Self-assembling peptide nanoparticles delivering pyrvinium pamoate induce osteosarcoma senescence via CBX4 ubiquitination.

Self-assembling pH-responsive peptide nanoparticles delivering pyrvinium pamoate induce osteosarcoma senescence through CBX4 ubiquitination-mediated inhibition of YAP1 SUMOylation.

Background

Osteosarcoma (OS) is a highly aggressive and metastasis-prone bone tumor, particularly affecting children and adolescents. Current treatment options, primarily surgery and chemotherapy, often yield unsatisfactory outcomes, especially in metastatic or recurrent cases. This highlights a critical need for novel targeted therapeutic strategies. Inducing cellular senescence, a non-apoptotic antitumor mechanism, holds promise. While CK1α possesses tumor-suppressive potential, its mechanism and the limited bioavailability of its activator, pyrvinium pamoate (PP), have hindered clinical translation.

Study Design

Researchers developed a pH-responsive biomineralization-induced peptide self-assembly nanodelivery system, termed NP@PP, to enhance the druggability of pyrvinium pamoate. They conducted comprehensive in vitro experiments using osteosarcoma cell lines and in vivo studies in mouse models. The investigation involved transcriptomic sequencing, co-immunoprecipitation, and Western blot analysis to elucidate the molecular mechanisms. Primary endpoints included assessing osteosarcoma cell senescence, proliferation, metastasis, xenograft growth, lung metastasis, and overall survival in the mouse models, with untreated controls for comparison.

Results

The NP@PP system effectively released pyrvinium pamoate, which then efficiently activated CK1α. This activation specifically promoted the ubiquitin-dependent degradation of CBX4. The subsequent loss of CBX4 further suppressed YAP1 SUMOylation, preventing its nuclear translocation. This cascade ultimately activated the expression of p16INK4a and p21Cip1, key markers of cellular senescence. In in vitro settings, these molecular changes led to the induction of osteosarcoma cell senescence and inhibition of proliferation and metastasis.

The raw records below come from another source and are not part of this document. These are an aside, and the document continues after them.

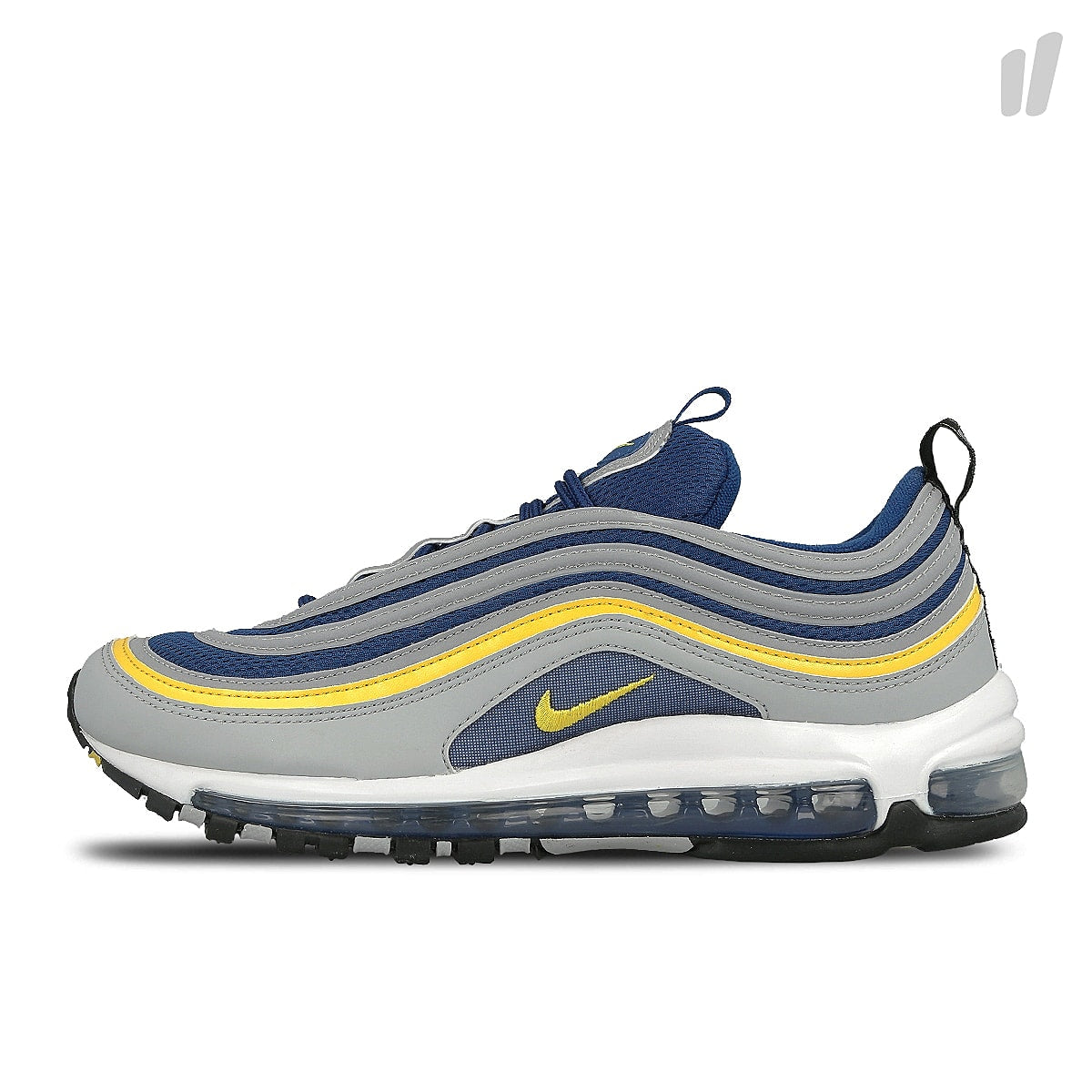 Nike air max 97 Wolf Grey-Tour Yellow - Gym Blue - White Sneakers 921826 006 | Overkill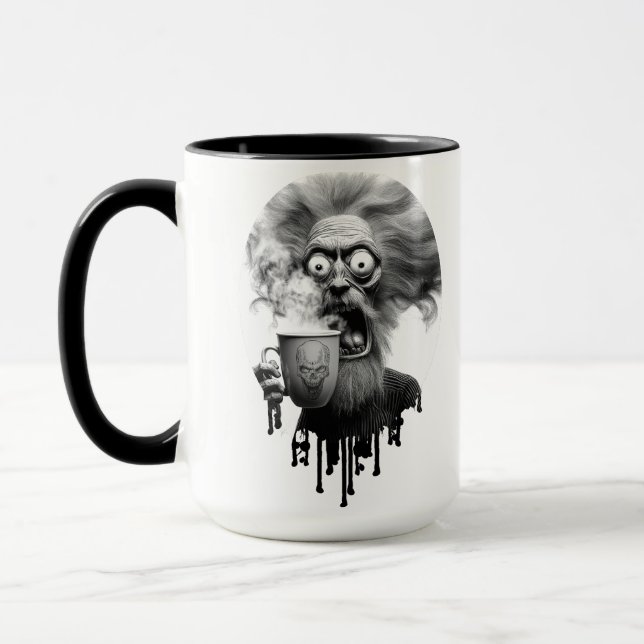 Taza John: Liquid Brain Mornings (Izquierda)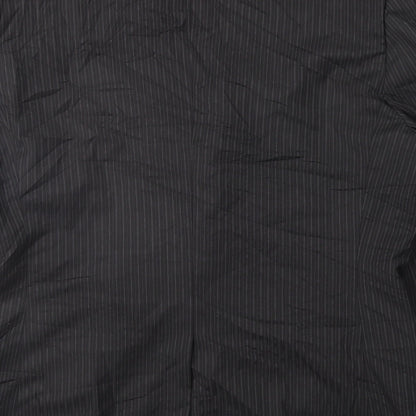 George Mens Black Striped  Jacket Suit Jacket Size 40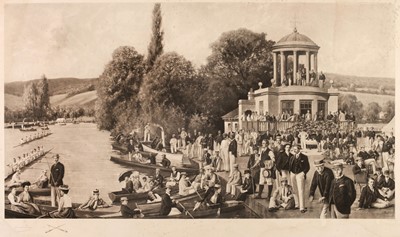 Lot 38 - Henley Regatta. Dickinson & Foster (publishers), Temple Island, April 14th 1894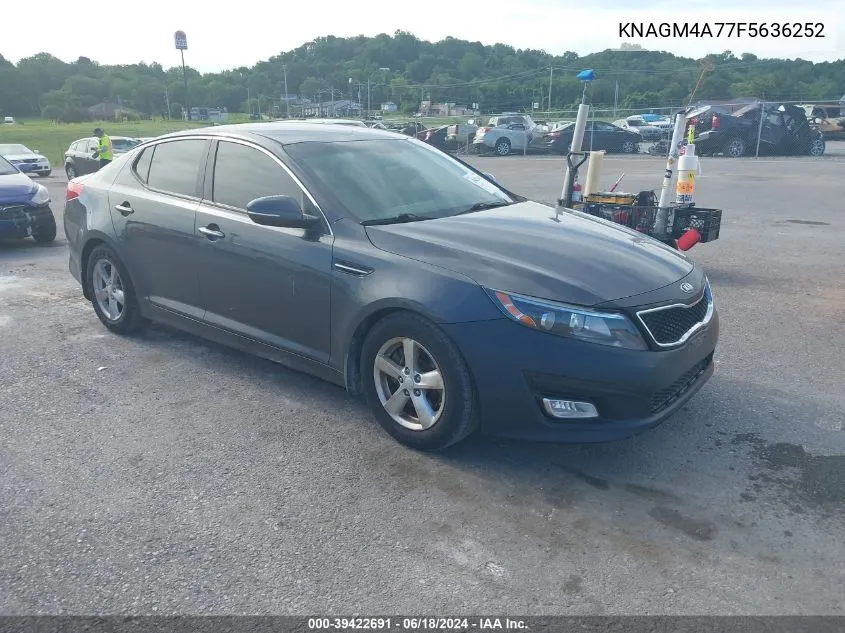 KNAGM4A77F5636252 2015 Kia Optima Lx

In mouse models, NP@PP markedly suppressed xenograft growth and lung metastasis, significantly prolonging survival without exhibiting obvious toxicity. These findings collectively reveal a crucial role for the CK1α-CBX4-YAP1 signaling axis in senescence-based osteosarcoma therapy.

Key Findings

  • Self-assembling peptide nanoparticles (NP@PP) effectively delivered pyrvinium pamoate (PP).
  • PP released from NP@PP activated CK1α and promoted ubiquitin-dependent degradation of CBX4.
  • Loss of CBX4 suppressed YAP1 SUMOylation and blocked its nuclear translocation.
  • This mechanism activated p16INK4a and p21Cip1 expression, inducing osteosarcoma cell senescence.
  • NP@PP markedly suppressed xenograft growth and lung metastasis in mouse models, prolonging survival.

Why It Matters

This research offers a significant advance in osteosarcoma treatment by overcoming the bioavailability limitations of pyrvinium pamoate through a novel peptide nanodelivery system. The identification of the CK1α-CBX4-YAP1 axis as a critical pathway for senescence induction provides a new therapeutic target. Developing peptide-based nanomedicines like NP@PP could enable more effective and targeted delivery of anticancer agents, potentially improving patient outcomes in aggressive bone cancers. This approach moves beyond traditional chemotherapy, offering a non-apoptotic mechanism to induce tumor regression and inhibit metastasis. While preclinical, it lays a strong foundation for future clinical translation of peptide-nanoparticle-mediated drug delivery in oncology.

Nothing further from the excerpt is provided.